> **Your instructions**:
Pictures are to be omitted, and every entry below is to be restated exactly.

Image-text web data:
┌──

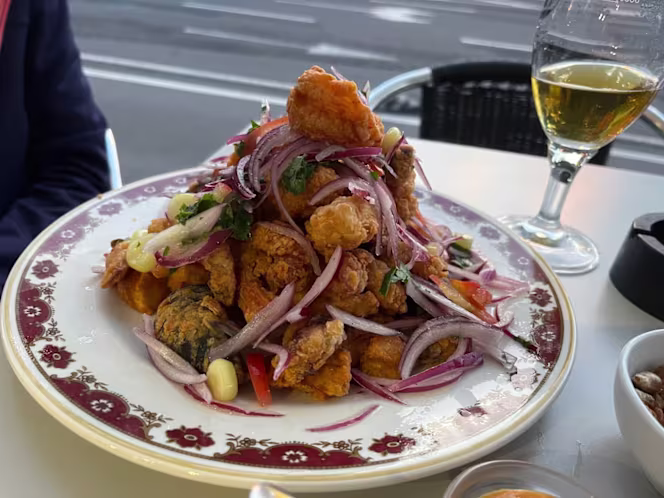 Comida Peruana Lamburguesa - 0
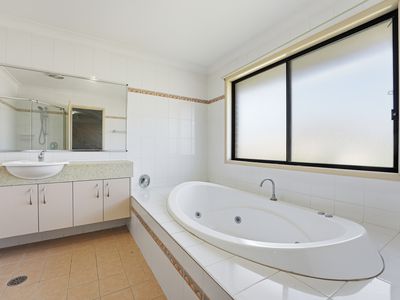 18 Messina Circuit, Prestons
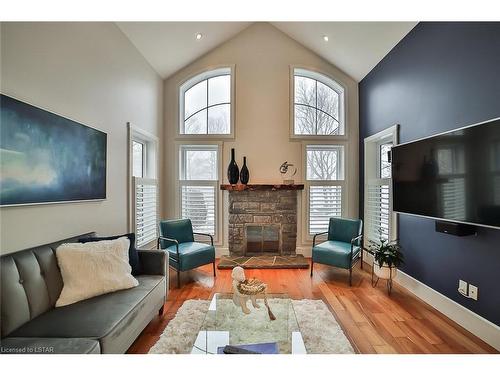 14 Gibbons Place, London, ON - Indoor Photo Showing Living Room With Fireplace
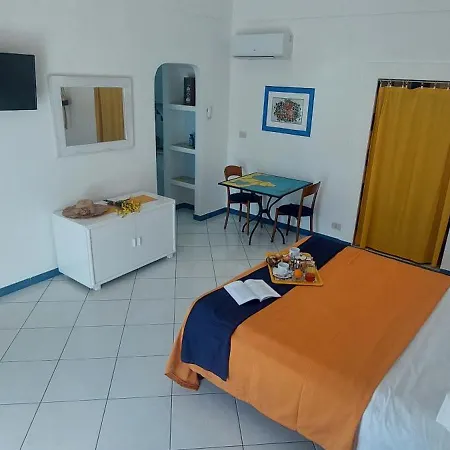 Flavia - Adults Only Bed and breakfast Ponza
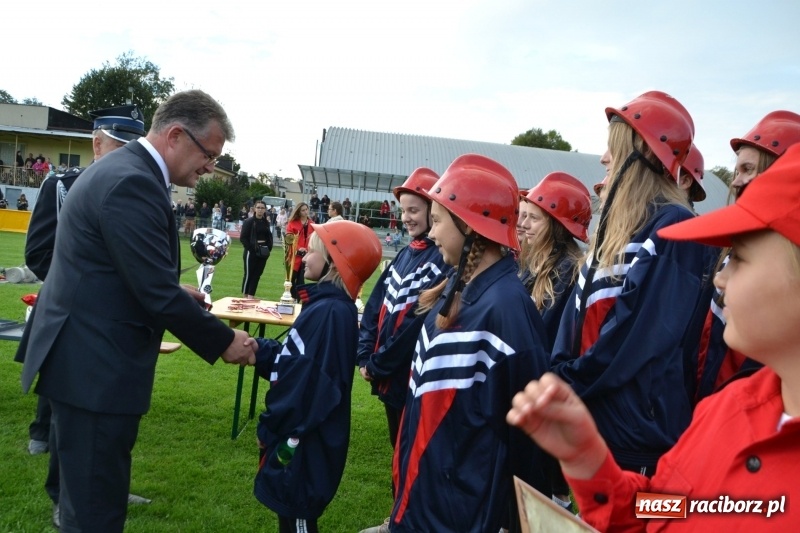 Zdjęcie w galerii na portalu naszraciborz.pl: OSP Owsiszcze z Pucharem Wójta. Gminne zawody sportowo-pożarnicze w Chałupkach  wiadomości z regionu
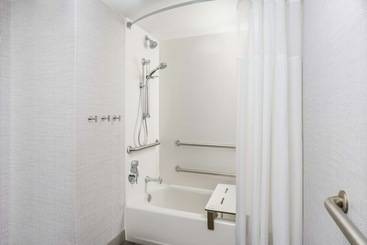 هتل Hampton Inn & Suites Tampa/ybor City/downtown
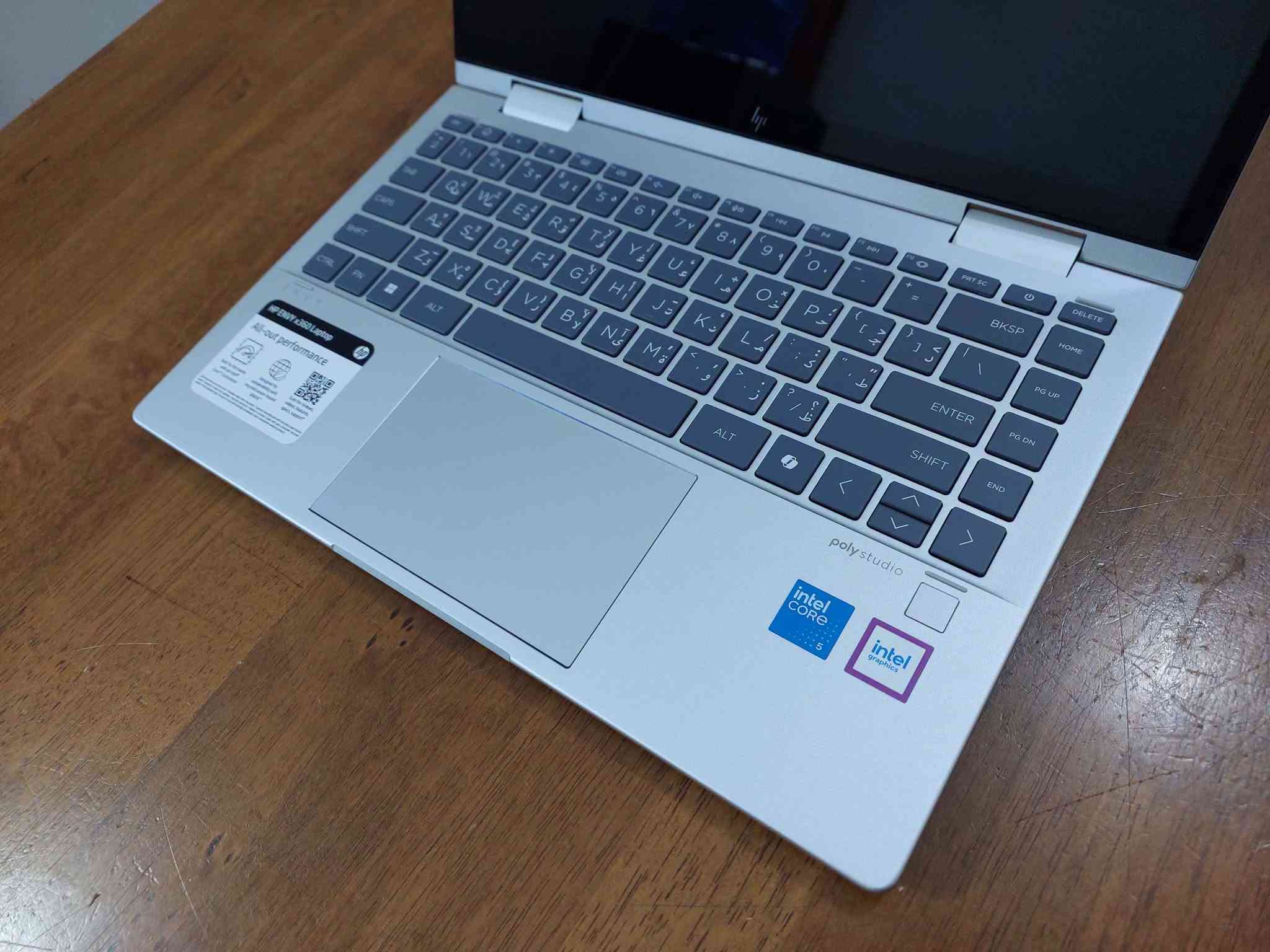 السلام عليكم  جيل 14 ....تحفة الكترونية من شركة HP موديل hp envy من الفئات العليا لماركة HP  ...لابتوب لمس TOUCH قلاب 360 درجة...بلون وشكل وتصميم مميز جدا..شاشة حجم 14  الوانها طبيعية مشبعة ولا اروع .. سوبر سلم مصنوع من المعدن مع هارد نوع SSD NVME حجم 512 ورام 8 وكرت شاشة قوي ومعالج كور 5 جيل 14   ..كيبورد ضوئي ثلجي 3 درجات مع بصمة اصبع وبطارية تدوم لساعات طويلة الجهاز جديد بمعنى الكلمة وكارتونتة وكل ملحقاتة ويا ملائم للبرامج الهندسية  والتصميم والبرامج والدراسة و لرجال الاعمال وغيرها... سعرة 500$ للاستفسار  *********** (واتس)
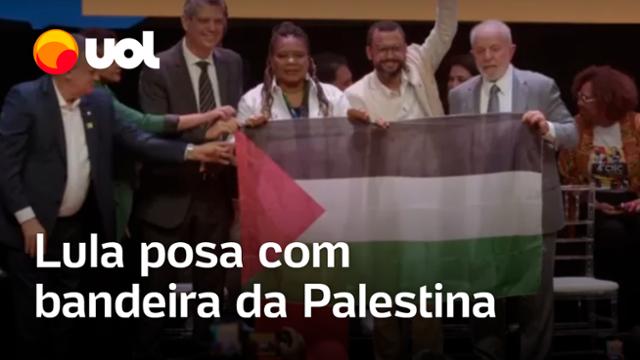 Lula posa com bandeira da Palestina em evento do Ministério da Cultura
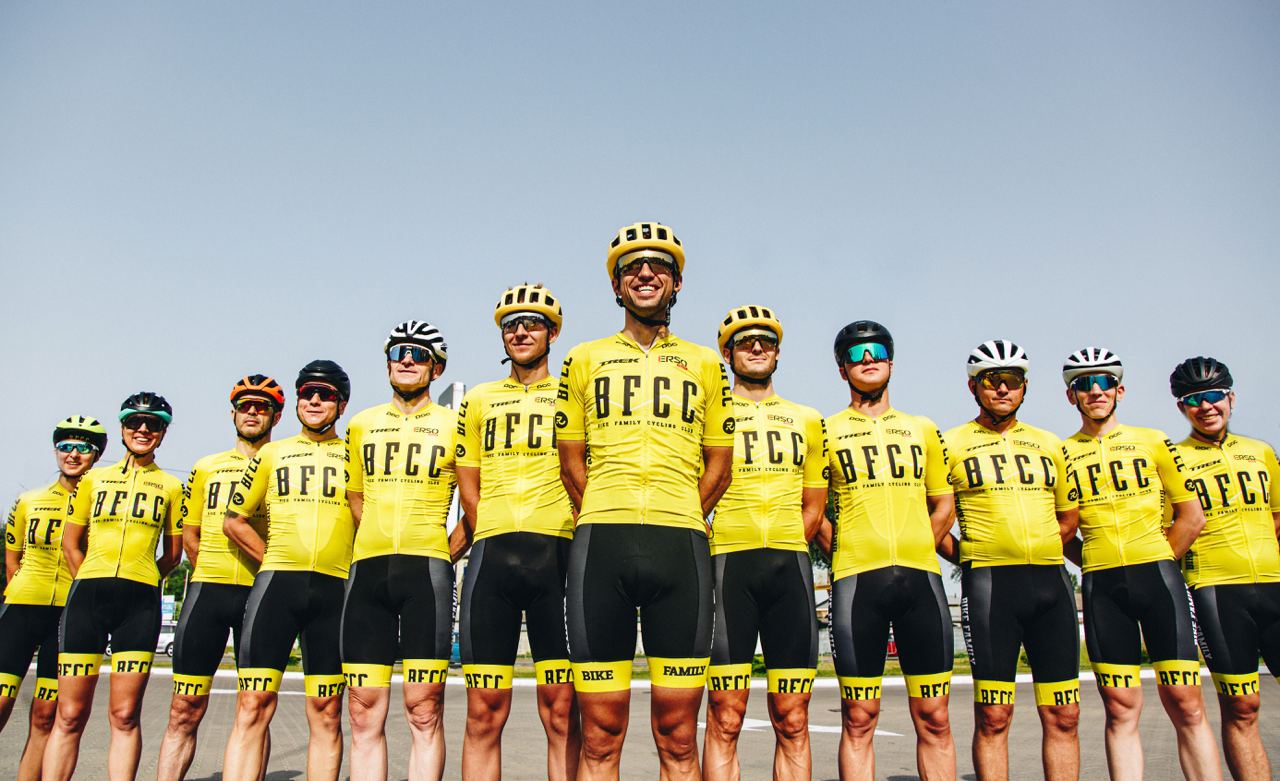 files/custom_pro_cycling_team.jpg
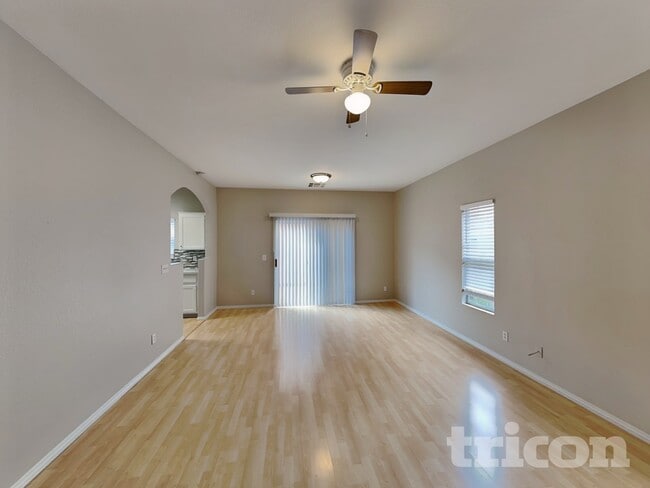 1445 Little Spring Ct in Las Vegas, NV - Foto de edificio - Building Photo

└──

> **Task answer**:
 Comida Peruana Lamburguesa - 0
 18 Messina Circuit, Prestons
 14 Gibbons Place, London, ON - Indoor Photo Showing Living Room With Fireplace
 Flavia - Adults Only Bed and breakfast Ponza
 Zdjęcie w galerii na portalu naszraciborz.pl: OSP Owsiszcze z Pucharem Wójta. Gminne zawody sportowo-pożarnicze w Chałupkach  wiadomości z regionu
 هتل Hampton Inn & Suites Tampa/ybor City/downtown
 السلام عليكم  جيل 14 ....تحفة الكترونية من شركة HP موديل hp envy من الفئات العليا لماركة HP  ...لابتوب لمس TOUCH قلاب 360 درجة...بلون وشكل وتصميم مميز جدا..شاشة حجم 14  الوانها طبيعية مشبعة ولا اروع .. سوبر سلم مصنوع من المعدن مع هارد نوع SSD NVME حجم 512 ورام 8 وكرت شاشة قوي ومعالج كور 5 جيل 14   ..كيبورد ضوئي ثلجي 3 درجات مع بصمة اصبع وبطارية تدوم لساعات طويلة الجهاز جديد بمعنى الكلمة وكارتونتة وكل ملحقاتة ويا ملائم للبرامج الهندسية  والتصميم والبرامج والدراسة و لرجال الاعمال وغيرها... سعرة 500$ للاستفسار  *********** (واتس)
 Lula posa com bandeira da Palestina em evento do Ministério da Cultura
 files/custom_pro_cycling_team.jpg
 1445 Little Spring Ct in Las Vegas, NV - Foto de edificio - Building Photo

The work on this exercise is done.